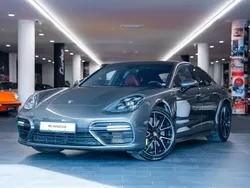 Grau Gebraucht 2018 Porsche Panamera Turbo S Limousine | 71.580 € (Superpreis)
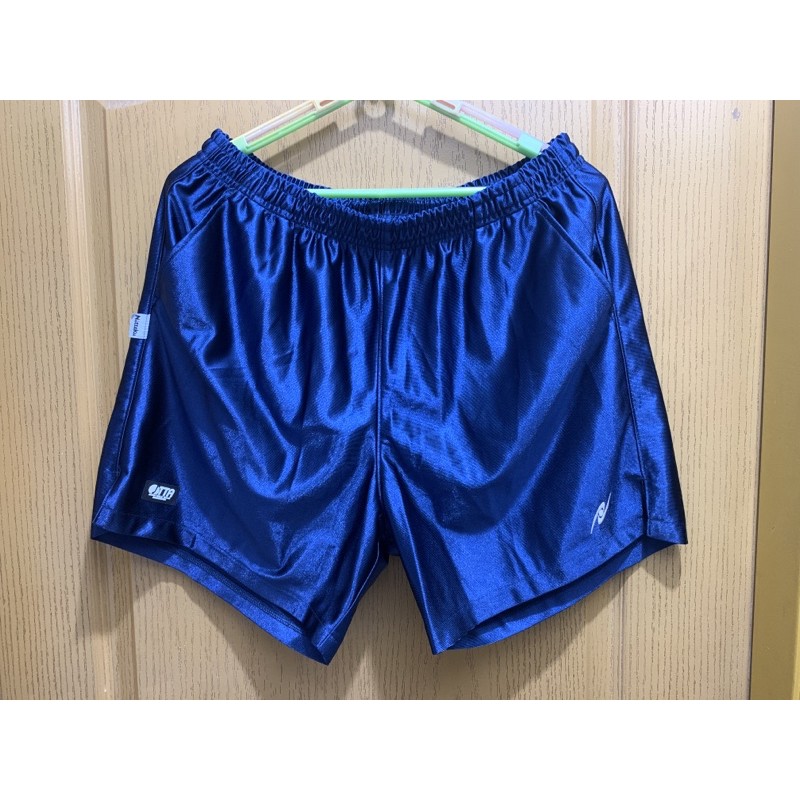XO號，二手極新日本製nittaku桌球短褲
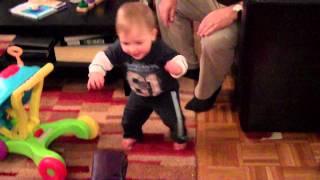 2012 1:24 Starting to Walk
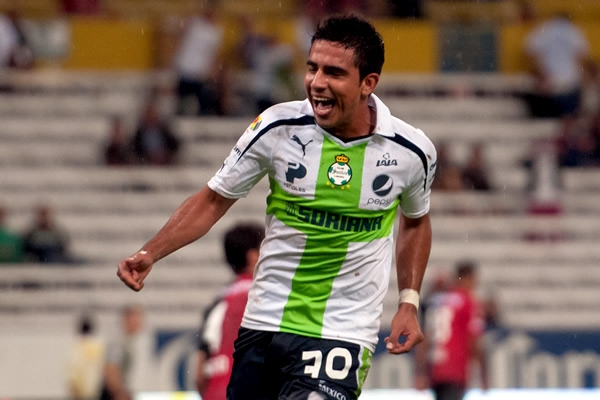 Escoboza arropó a su compañero, refuerzo de Guerreros.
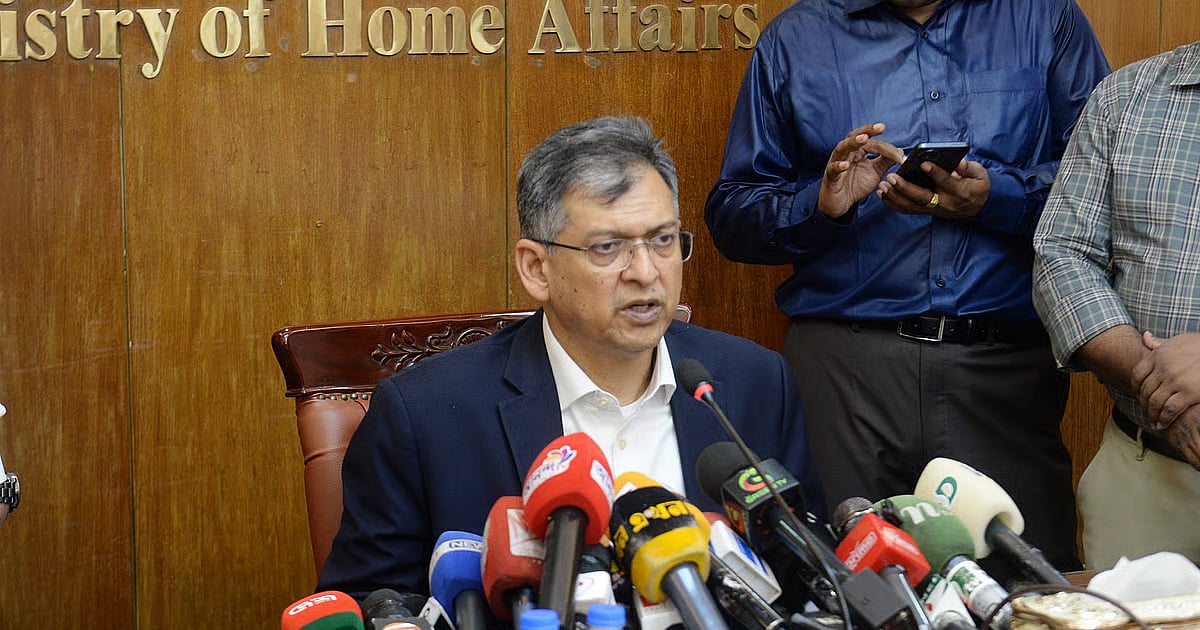 Two people who threw crude bomb in front of Supreme Court identified: Home Minister - Prothom Alo English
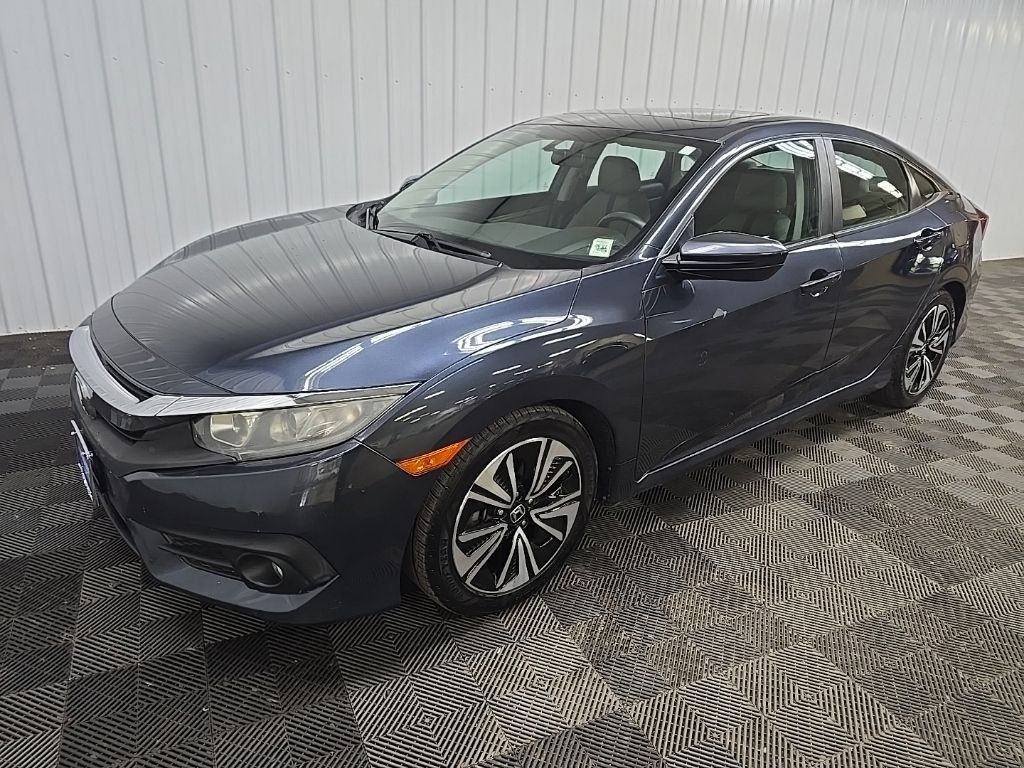 Used 2016  Honda EX-T image 8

WHAT TO DO: Repeat the lines above exactly, and keep every picture out.

REPLY:
 Grau Gebraucht 2018 Porsche Panamera Turbo S Limousine | 71.580 € (Superpreis)
XO號，二手極新日本製nittaku桌球短褲
 2012 1:24 Starting to Walk
 Escoboza arropó a su compañero, refuerzo de Guerreros.
 Two people who threw crude bomb in front of Supreme Court identified: Home Minister - Prothom Alo English
 Used 2016  Honda EX-T image 8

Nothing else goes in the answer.